> _What the task asks_
Search the data below, and report every line in which "Automatic" occurs.

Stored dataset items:
★ ★ ★
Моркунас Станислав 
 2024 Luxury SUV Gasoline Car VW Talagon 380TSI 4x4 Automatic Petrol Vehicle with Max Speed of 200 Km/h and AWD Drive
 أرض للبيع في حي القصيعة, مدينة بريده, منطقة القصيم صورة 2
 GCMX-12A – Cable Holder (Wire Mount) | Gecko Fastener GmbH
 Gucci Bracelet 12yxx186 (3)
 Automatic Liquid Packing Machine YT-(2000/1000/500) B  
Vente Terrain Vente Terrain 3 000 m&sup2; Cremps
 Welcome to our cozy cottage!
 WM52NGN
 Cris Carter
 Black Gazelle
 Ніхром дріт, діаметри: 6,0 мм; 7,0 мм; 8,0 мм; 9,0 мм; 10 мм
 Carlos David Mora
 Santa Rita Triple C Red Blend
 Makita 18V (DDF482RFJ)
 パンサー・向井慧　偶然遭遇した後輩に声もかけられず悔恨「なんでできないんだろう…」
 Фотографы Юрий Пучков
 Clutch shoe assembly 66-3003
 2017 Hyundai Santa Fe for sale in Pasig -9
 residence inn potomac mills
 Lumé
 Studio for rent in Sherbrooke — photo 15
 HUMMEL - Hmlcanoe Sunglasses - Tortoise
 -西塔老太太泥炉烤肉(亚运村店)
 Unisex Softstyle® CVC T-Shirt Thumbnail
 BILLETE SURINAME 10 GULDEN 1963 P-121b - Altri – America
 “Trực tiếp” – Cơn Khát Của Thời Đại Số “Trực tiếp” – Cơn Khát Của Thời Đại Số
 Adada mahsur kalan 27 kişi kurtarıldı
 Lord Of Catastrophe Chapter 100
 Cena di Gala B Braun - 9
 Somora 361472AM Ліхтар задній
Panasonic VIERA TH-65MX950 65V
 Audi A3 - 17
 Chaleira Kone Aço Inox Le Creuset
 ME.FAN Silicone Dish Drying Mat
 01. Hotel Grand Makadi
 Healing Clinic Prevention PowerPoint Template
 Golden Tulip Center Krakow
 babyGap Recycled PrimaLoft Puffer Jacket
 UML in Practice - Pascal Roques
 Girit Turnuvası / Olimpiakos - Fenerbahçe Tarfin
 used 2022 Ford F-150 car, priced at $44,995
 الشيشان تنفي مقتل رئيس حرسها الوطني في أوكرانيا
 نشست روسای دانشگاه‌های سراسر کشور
★ ★ ★
> _Solution for this problem_
 2024 Luxury SUV Gasoline Car VW Talagon 380TSI 4x4 Automatic Petrol Vehicle with Max Speed of 200 Km/h and AWD Drive
 Automatic Liquid Packing Machine YT-(2000/1000/500) B  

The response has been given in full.